Kushner Family Cancels Plan to Pitch Wealthy Chinese Investors on ‘Golden Visas’

Nicole Kushner Meyer, third from the left, at a promotional event last weekend. Photo: Albee Zhang/AFP/Getty Images

Jared Kushner’s family company has scrapped plans to pitch wealthy Chinese investors on the so-called “golden visa” this weekend. The decision comes after a similar event last week resulted in criticism that the company was trying to profit off of Jared’s White House role.

“No one from Kushner Companies will be in China this weekend,” company spokeswoman Risa Heller told the Washington Post on Thursday.

Last weekend, Nicole Kushner Meyer, Jared’s sister, pitched a group of wealthy Chinese investors on a luxury-apartment-building project in New Jersey.

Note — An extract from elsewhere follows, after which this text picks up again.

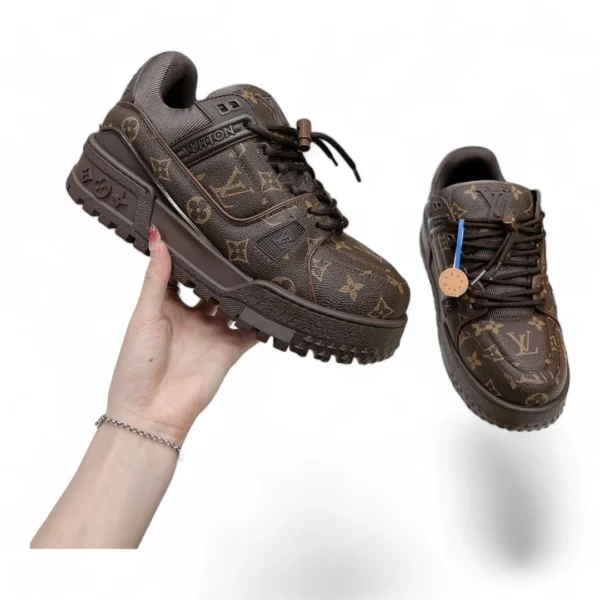 LOUIS VUITTON trainer brown monogram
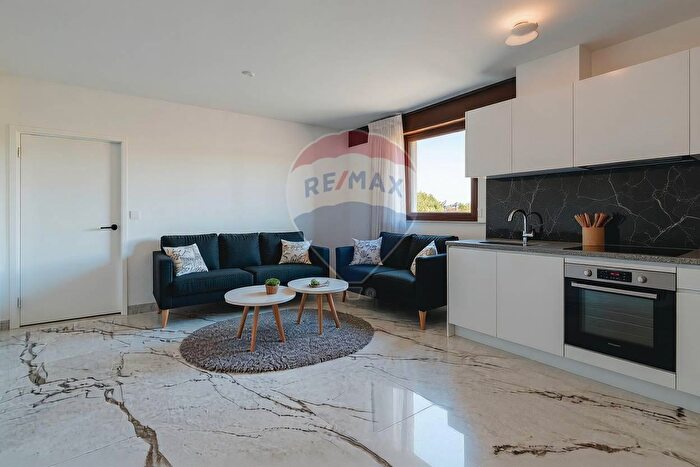 Appartamento quadrilocale in vendita in Via Novembre, Cerro Maggiore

She emphasized that if they put in half a million dollars they could a receive EB-5 investor visa, or golden visa, which allows wealthy foreigners easier access to residency in the U.S. Promotional materials for the event played up the company’s proximity to the White House and encouraged attendees to “invest under the old rules,” an apparent nod to the Trump administration’s plans to overhaul the program.

Turns out, Meyer’s presentation might accelerate that overhaul. On Thursday, Republican Senator Charles Grassley called on Homeland Security head John Kelly to “expedite” the revisions in the investor visa program. He cited Meyer’s pitch, which he said suggested “special treatment and expedited approval” for those investing in the New Jersey high-rise.

“It is appropriate for the Department to clarify and affirm that no foreign investors will receive preferential treatment, that applications will be processed in the order in which they are received—subject to any existing backlog—and that future applications will be subject to the proposed regulations, when approved,” Grassley wrote in a letter to Secretary Kelly.

The regulations to which Grassley refers were introduced by the Obama administration shortly before Trump’s inauguration. As it stands, the EB-5 program is only supposed to make visas available to those who invest in job-creating projects in locations in need of economic activity. But there are loopholes that allow developers such as Kushner Companies to use the program on luxury buildings in high-income areas.

The proposed changes to the program would increase the amount that must be invested in order to get a green card. In high-unemployment areas, it would jump from $500,000 to $1.35 million, and in low-unemployment areas, it would go from $1 million to $1.8 million.

Trump has already renewed the program without any changes this year, but the White House also told the Times this month that it “is evaluating wholesale reform of the EB-5 program.”